Task brief
What you print must match the data line for line.

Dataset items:
"""
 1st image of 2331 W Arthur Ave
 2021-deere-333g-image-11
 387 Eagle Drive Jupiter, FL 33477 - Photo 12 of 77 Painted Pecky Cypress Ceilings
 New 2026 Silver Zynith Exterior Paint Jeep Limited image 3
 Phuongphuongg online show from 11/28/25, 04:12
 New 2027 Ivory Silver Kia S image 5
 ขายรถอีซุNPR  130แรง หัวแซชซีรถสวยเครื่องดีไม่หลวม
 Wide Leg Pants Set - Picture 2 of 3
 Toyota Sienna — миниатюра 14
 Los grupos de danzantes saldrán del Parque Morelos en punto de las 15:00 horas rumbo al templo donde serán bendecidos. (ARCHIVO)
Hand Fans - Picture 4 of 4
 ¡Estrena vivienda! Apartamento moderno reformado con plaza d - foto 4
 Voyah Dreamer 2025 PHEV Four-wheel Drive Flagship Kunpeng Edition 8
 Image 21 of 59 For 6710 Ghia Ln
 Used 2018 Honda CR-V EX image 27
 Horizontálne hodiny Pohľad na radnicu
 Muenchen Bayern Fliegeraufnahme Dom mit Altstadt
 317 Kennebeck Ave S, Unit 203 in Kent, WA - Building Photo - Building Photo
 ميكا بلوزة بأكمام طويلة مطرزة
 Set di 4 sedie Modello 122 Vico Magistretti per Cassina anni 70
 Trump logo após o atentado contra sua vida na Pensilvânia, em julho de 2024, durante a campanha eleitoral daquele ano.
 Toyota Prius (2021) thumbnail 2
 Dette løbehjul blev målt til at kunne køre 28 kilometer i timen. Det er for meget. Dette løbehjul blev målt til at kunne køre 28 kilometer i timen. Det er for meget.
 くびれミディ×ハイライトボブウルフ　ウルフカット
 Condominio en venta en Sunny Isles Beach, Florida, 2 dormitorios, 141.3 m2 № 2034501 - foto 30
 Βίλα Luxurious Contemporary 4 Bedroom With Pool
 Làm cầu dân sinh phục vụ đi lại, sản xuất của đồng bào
"""
Exercise answer
 1st image of 2331 W Arthur Ave
 2021-deere-333g-image-11
 387 Eagle Drive Jupiter, FL 33477 - Photo 12 of 77 Painted Pecky Cypress Ceilings
 New 2026 Silver Zynith Exterior Paint Jeep Limited image 3
 Phuongphuongg online show from 11/28/25, 04:12
 New 2027 Ivory Silver Kia S image 5
 ขายรถอีซุNPR  130แรง หัวแซชซีรถสวยเครื่องดีไม่หลวม
 Wide Leg Pants Set - Picture 2 of 3
 Toyota Sienna — миниатюра 14
 Los grupos de danzantes saldrán del Parque Morelos en punto de las 15:00 horas rumbo al templo donde serán bendecidos. (ARCHIVO)
Hand Fans - Picture 4 of 4
 ¡Estrena vivienda! Apartamento moderno reformado con plaza d - foto 4
 Voyah Dreamer 2025 PHEV Four-wheel Drive Flagship Kunpeng Edition 8
 Image 21 of 59 For 6710 Ghia Ln
 Used 2018 Honda CR-V EX image 27
 Horizontálne hodiny Pohľad na radnicu
 Muenchen Bayern Fliegeraufnahme Dom mit Altstadt
 317 Kennebeck Ave S, Unit 203 in Kent, WA - Building Photo - Building Photo
 ميكا بلوزة بأكمام طويلة مطرزة
 Set di 4 sedie Modello 122 Vico Magistretti per Cassina anni 70
 Trump logo após o atentado contra sua vida na Pensilvânia, em julho de 2024, durante a campanha eleitoral daquele ano.
 Toyota Prius (2021) thumbnail 2
 Dette løbehjul blev målt til at kunne køre 28 kilometer i timen. Det er for meget. Dette løbehjul blev målt til at kunne køre 28 kilometer i timen. Det er for meget.
 くびれミディ×ハイライトボブウルフ　ウルフカット
 Condominio en venta en Sunny Isles Beach, Florida, 2 dormitorios, 141.3 m2 № 2034501 - foto 30
 Βίλα Luxurious Contemporary 4 Bedroom With Pool
 Làm cầu dân sinh phục vụ đi lại, sản xuất của đồng bào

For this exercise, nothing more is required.